Everything unfolded according to the script at the Iran nuclear talks last week in Vienna. Iran, led by new President Ebrahim Raisi’s government, adopted a much harsher negotiating position, which the U.S. and the Europeans predictably rejected as the blame game officially began. Despite the harsh rhetoric from the Biden administration, this is how everyone expected this round to start and end.
It will most likely be revealed in the next round whether Tehran’s new demands are opening bids or solid red lines.

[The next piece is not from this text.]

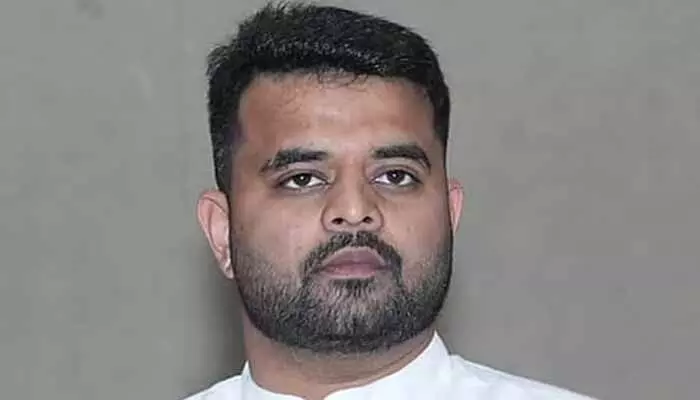 Prajwal Revanna: అత్యాచారం కేసు.. ప్రజ్వల్ రేవణ్ణకు జీవిత ఖైదు Prajwal Revanna: అత్యాచారం కేసు.. ప్రజ్వల్ రేవణ్ణకు జీవిత ఖైదు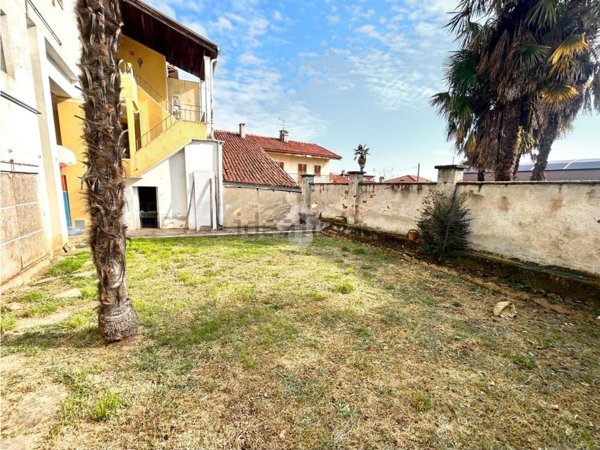 casa indipendente in vendita a Cumiana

It will most likely be revealed in the next round whether Tehran’s new demands are opening bids or solid red lines. According to U.S. negotiators, Iran went “with proposals that walked back anything — any of the compromises Iran had floated here in the six rounds of talks, pocket all of the compromises that others, and the U.S. in particular, had made, and then asked for more.” Secretary of State Antony Blinken has vowed to “turn to other options” if diplomacy fails.
The problem is Washington doesn’t have other options. Ramping up sanctions further — that is, intensifying former President Donald Trump’s “maximum pressure” policy — would only make matters worse. Biden administration officials readily acknowledge that Trump’s exit from the Iran nuclear deal and his sanctions campaign created this mess in the first place. More of the same wouldn’t provide a path out of this debacle.
As President Joe Biden’s Iran envoy, Rob Malley, told The New York Times back in 2019, it is a “fantasy that the Trump administration’s maximum pressure campaign somehow would lead Tehran to agree to more stringent measures.” Blinken in 2015 similarly said it was a “fantasy to believe that Iran will simply capitulate to every demand if we ratchet up the pressure even more through sanctions.”
The Biden administration is probably also contemplating covert operations to sabotage Iran’s nuclear program. But that course has been extensively pursued by the Israelis. The verdict of both Israeli and U.S. security officials is that it too is counterproductive — it only provides Iran with an excuse to ratchet up its nuclear program further.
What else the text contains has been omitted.